Ads must convince the consumer of her need. To do this, they must first persuade her that she is inadequate and incomplete without a particular product. Advertising preys upon, contributes to, and reinforces a woman’s poor self-image. As a result, powerful and disturbing feelings of inadequacy tug at a woman’s mind-and her checkbook. She buys beauty in the form of soap, attention in the form of perfume, romance in the form of shampoo.

Age spots, split ends, graying hair, and cellulite-fates worse than death, if the media propaganda is to believed. Years ago, women, while conscience of their appearance, didn’t worry about age spots because, thought they had them, they didn’t know what age spots were. And if they did, they weren’t bombarded with warnings about them.

It’s not enough for women to wash and brush their hair. Now they are expected to condition it, dye it, color it, curl it, spray it, mousse it, and cut it in fashionable ways.
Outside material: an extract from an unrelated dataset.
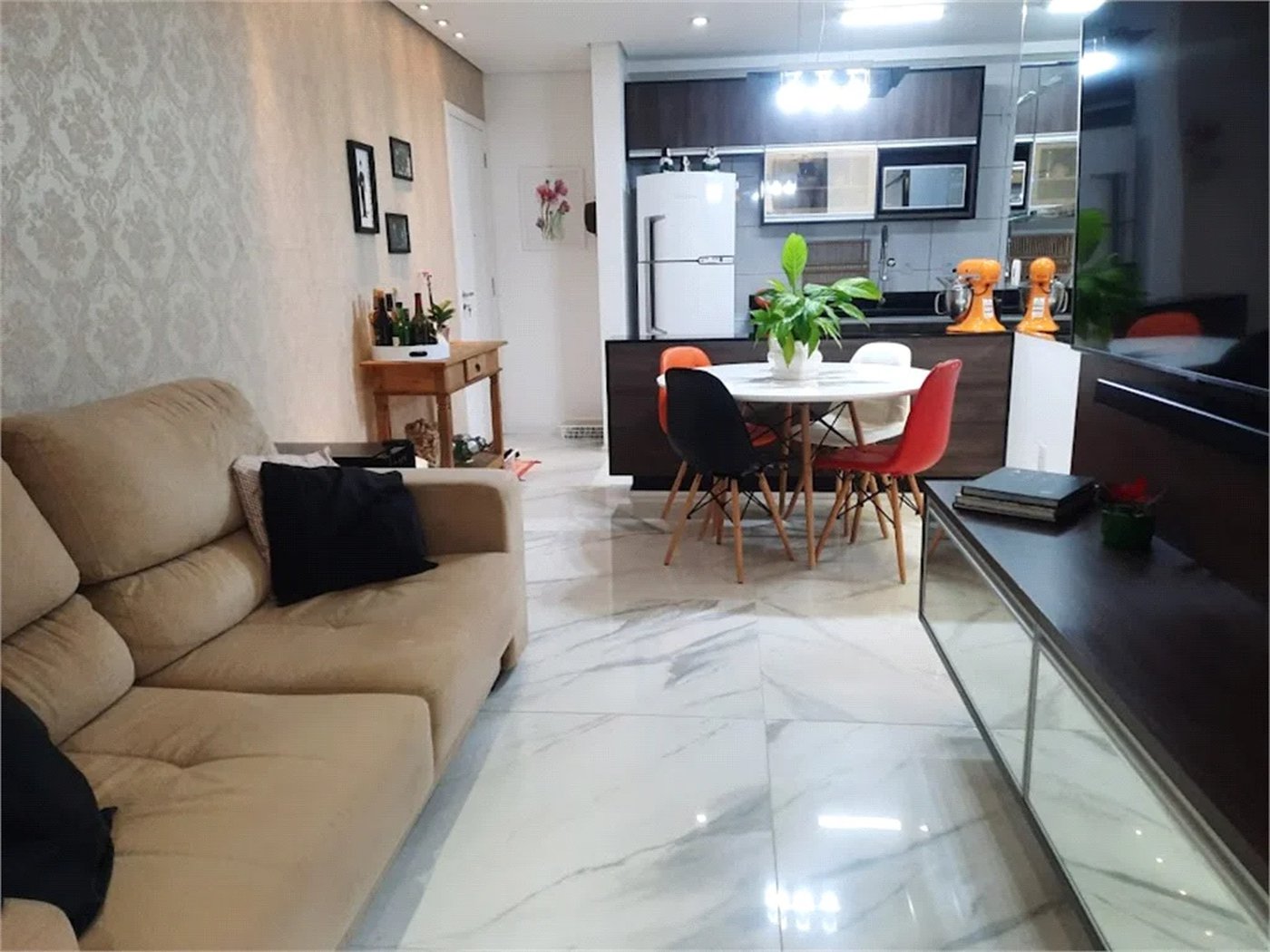 Apartamento à venda com 3 quartos, sendo 1 suíte, em Vila Andrade, São Paulo, SP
They change hairstyles about as often as their underwear, which itself comes in a multitude of colors and styles. Woman-recreated in the media’s image.

Not only is today’s woman barraged with this female beauty propaganda, her husband is. Silently, she watches him watch. When she-and he, she supposes-stacks herself up against bronzed bikinied beauties, she sees nothing but a formless slab of whitewashed cellulite. How can she compete? Depression. Stress.

The Christian woman is particularly stressed because she knows that enduring values are spiritual, that character is far more important than appearance, and that while people look at the outside, God looks at the inside. But every time she hears a seminar leader (who is usually beautiful) talk about inner beauty, her mind is on outer beauty. Guilt. Stress. “

– an excerpt from “Women Under Stress” by Randy and Nanci Alcorn

I just thought it was interesting to read during today’s rest time at work. Some areas, sadly, are more on the true side than I’d like to admit.